Leaving no stone unturned, we can’t forget the obvious option: Insects! The human population is easily dwarfed by insects, both in biomass and numbers. Eating insects, or Entomophagy, is already widely practiced across the world (Mexico has a popular Grasshopper taco.) Spiders, worms, ants and beetles are eaten across Latin America, Asia and Africa. Compared to our current livestock, insect farms require far less land, are far more efficient at converting plants into edible meat and emit fewer greenhouse gases. They are rich in proteins, low in fat and high in calcium and iron. They can even flourish on waste and paper, offering an auxiliary cleaning service. The ants crawling all over your picnic may soon become the main course themselves.
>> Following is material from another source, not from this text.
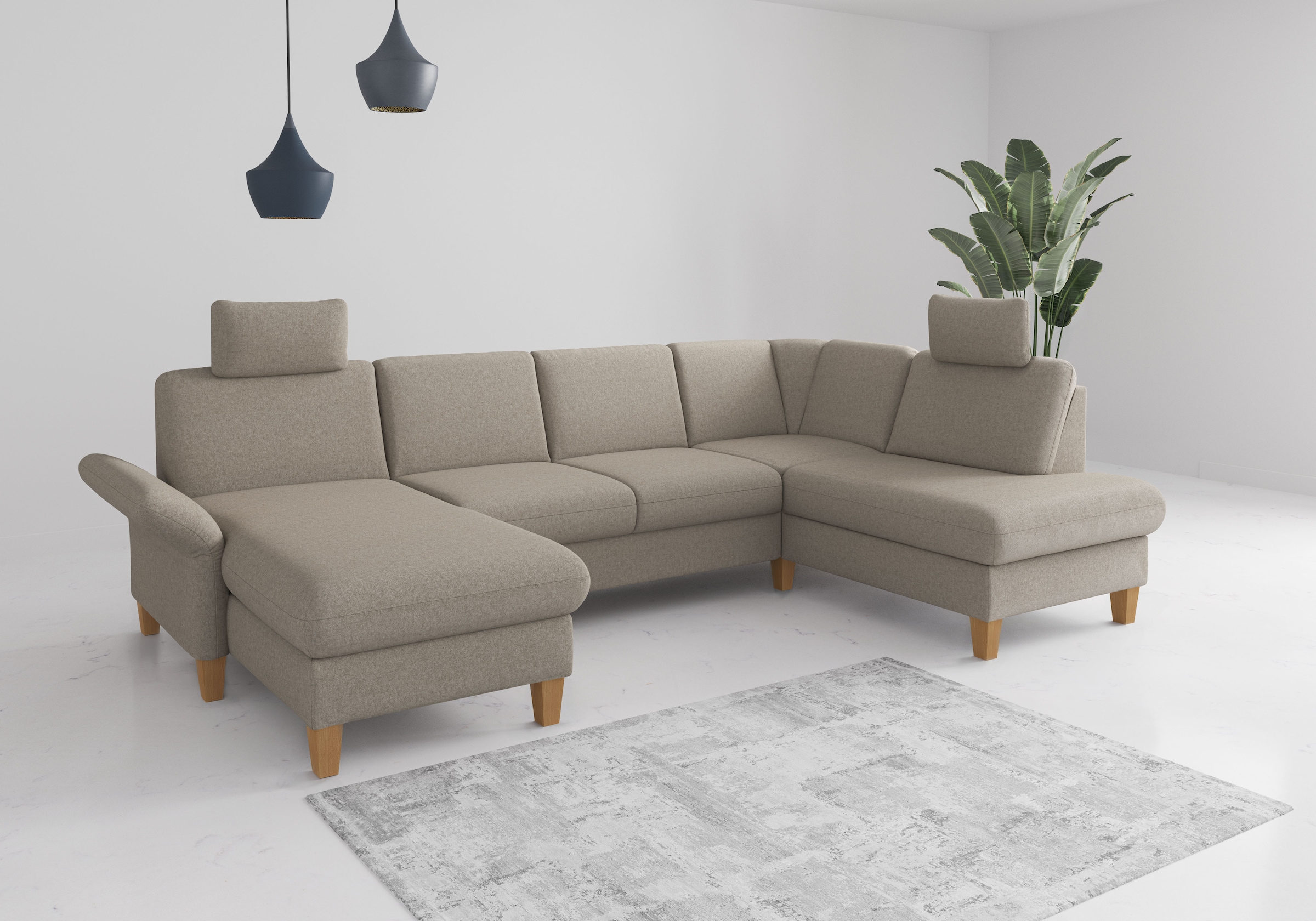 Home affaire Wohnlandschaft »Rochelle, U-Form« optional mit Armteilverstell günstig online kaufen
       There are many new horizons available to us, but we should learn from the blunders we’ve made in the last century when it comes to modifying nature. For every step towards progress, we’ve suffered new dangers as well. Antibiotics kill most bacteria, only leaving the strongest and most resistant to come back in a wave of powerful vengeance. Hybrid seeds, chemical fertilizers and genetically modified crops helped us feed millions of starving people in drought stricken lands. But now the weeds have cross bred with the crops, and have become resistant to herbicides of ever increasing potency. We’re poisoning the soil and water supplies, and cannot afford to fell more forests for new farmland. The genetic modification lobby continues to promise fruits infused with vaccines, rapidly maturing animals and more efficient crops, but it might be wiser to stop combating nature and instead separate our experimentations from it. 
       Zhikang Li is a Chinese plant breeder, who has spent years working with his team to produce “green super rice”. His rice produces more grain, is more resistant to droughts, floods, salty water, insects and disease and was created without any GM technology. He took the natural route, working with hundreds of farmers and researchers in several countries to cross-breed more than 250 plants into his bountiful creation. This is the way we should be interacting with nature.

       Meanwhile our lab meat, insect cuisine and algae productions might be better suited in isolated Vertical Farms, encased laboratories and modernized greenhouses. Controlled environments can offer us less exposure to chemicals, pesticides and toxins. We can create a firewall between the “natural” world food supply, and our scientific efforts. That way, much like the Hunters and Gatherers of old, we’ll have two separate and equally important sources of food we can rely on!